Deprogramming academia

Why is it that I still feel so much guilt about leaving academia?

Academia is a vocation. Smart, well-educated people who covet money or power can find careers that’ll offer those things far more readily, but academia still inspires high expectations – the opportunity to add to the sum of human knowledge, to potentially make the world a better place, to be part of something ineffably larger than yourself. Some may indeed achieve something close to their early expectations, but many – most, in fact – will not. For every Nobel prize-winner in science there are very many jobbing academics.

What’s remarkable about those rank-and file members is the intensity to which many continue to cling to those ideals. I should know – I was one of them. Even as my research productivity slowed to a trickle and my career prospects dwindled, I was still inspired by the grand notions that first fired me. I was still finding things out that were new. I no longer dreamed of developing a blockbuster drug or finding a cure to a disease, but I was helping to teach and train new scientists. I felt (I still do feel!) part of a larger community of like-minded people.

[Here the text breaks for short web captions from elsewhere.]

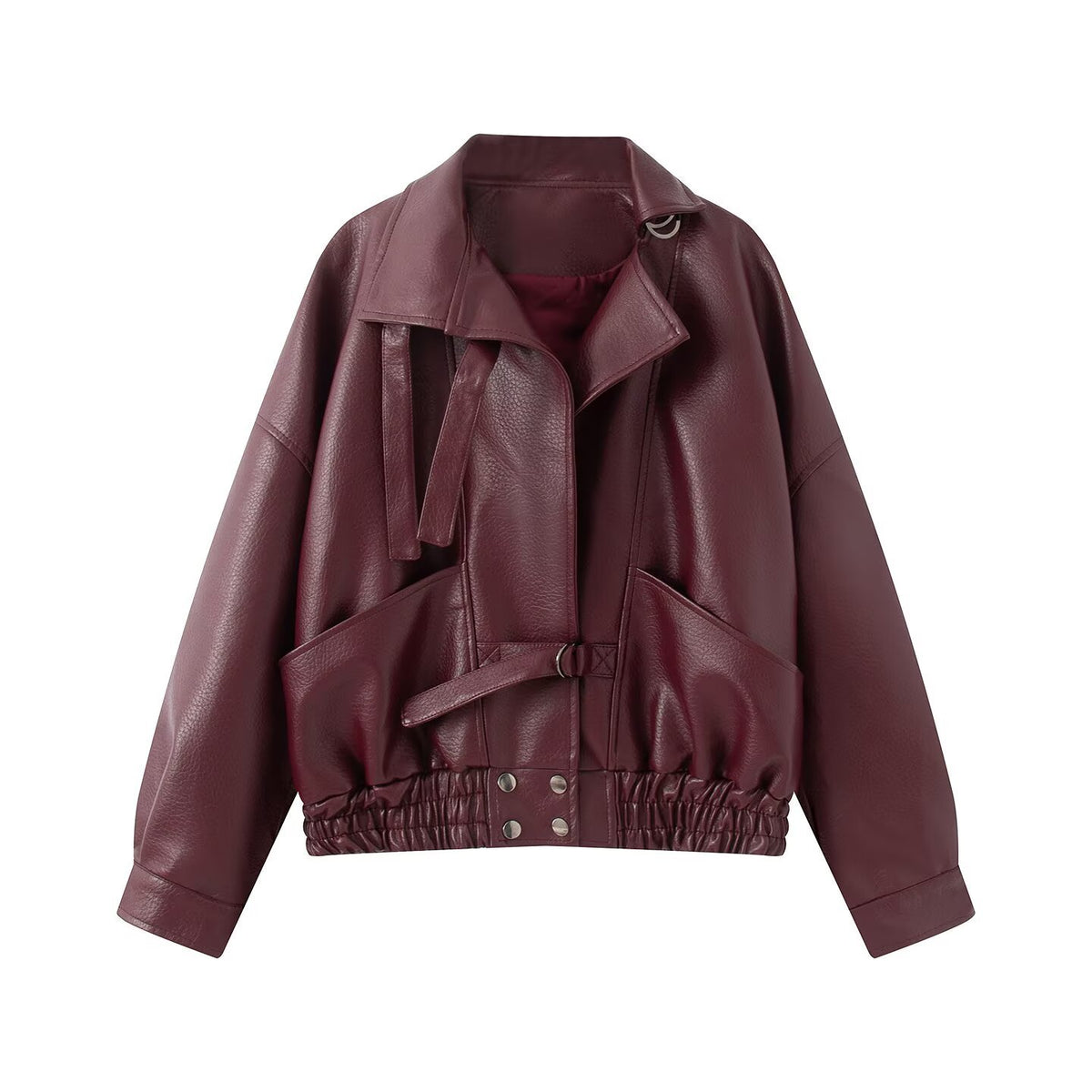 Veste de moto vintage en faux cuir avec ceinture pour femmes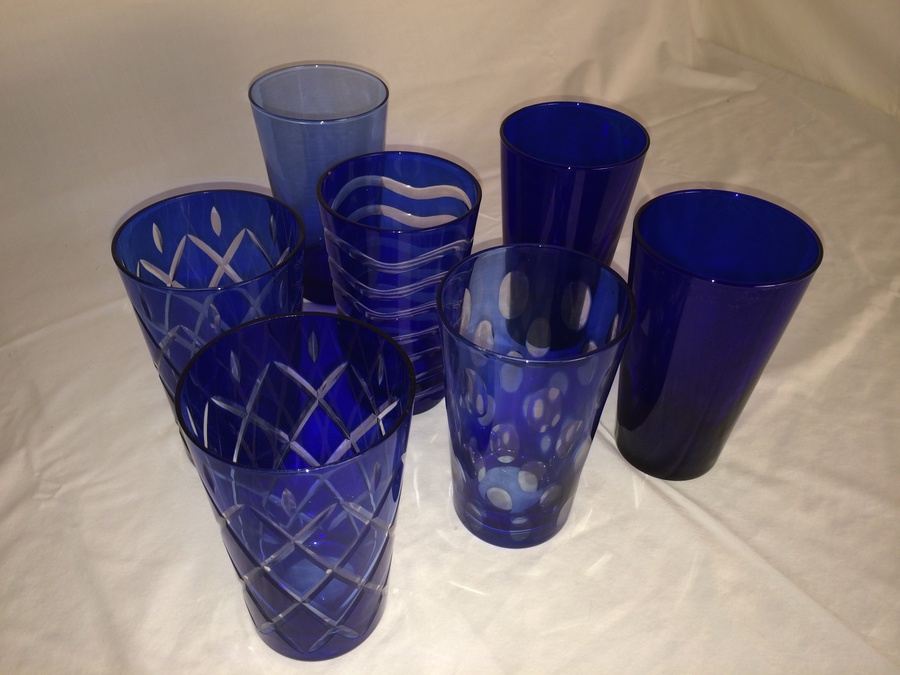 (7) Blue Glass Lot [Photo 1]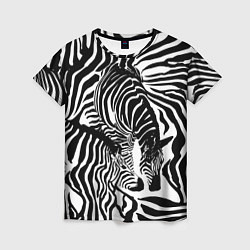 Женская футболка Полосатая зебра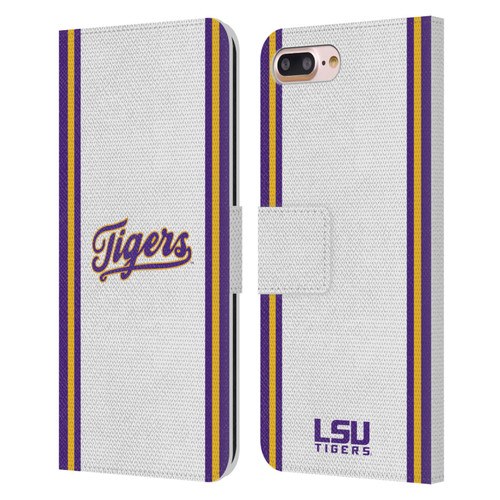 Louisiana State University LSU Louisiana State University Football Jersey Leather Book Wallet Case Cover For Apple iPhone 7 Plus / iPhone 8 Plus
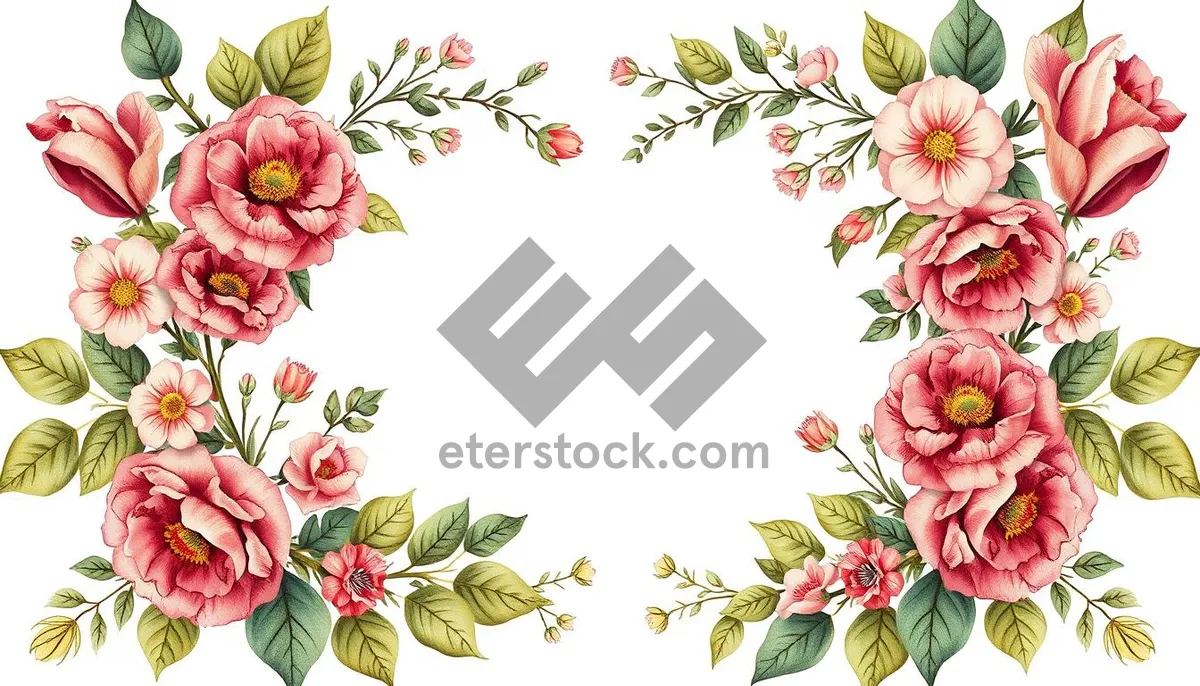 Picture of Floral Grunge Pattern Decoration with Summer Plants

And then, in the end, I realised I couldn’t go on.

It is a bereavement. Anybody who leaves academia involuntarily – whether by being forced out or by realising that they cannot go on or a combination of the two – will feel that they are being severed from something they believe in and have fought to remain in. My leave-taking of academia left an emotional and psychological scar that may eventually heal over but will, I think, never fully go away. I bear the knowledge, and the guilt, that I knowingly walked away from the only career that I ever seriously intended to pursue, and one that I did pursue until I had nothing left to continue with.

I think that this guilt must be similar to what people who leave religious cults must experience. You stay because you feel you belong, because you feel you should be grateful for what little you receive, and you secretly perhaps fear that you won’t fit in anywhere else. You sacrifice more and more of yourself and tell yourself if’s for love. You make yourself believe things despite evidence with your own eyes to the contrary, and that belief in the abstract ideal rather than the everyday reality becomes an article of faith. You cling to the dream. You obliterate your sense of self.

Perhaps, this, then, is why the longer you stay, the harder it is to leave. Because when you’ve been hanging on and hanging on for so long there’s very little of you left to walk away. But it’s also because if, like me, you’re one of the people who reaches that point, you’ve also been struggling for so long that you’ve had to tell yourself a lot of untruths just to keep going. 

“No other career could be as varied,” you tell yourself, as your life settles into a research+teaching rhythm. 

“No other career would be as satisfying,” you tell yourself as you go through the latest set of anonymous, vicious peer reviews. 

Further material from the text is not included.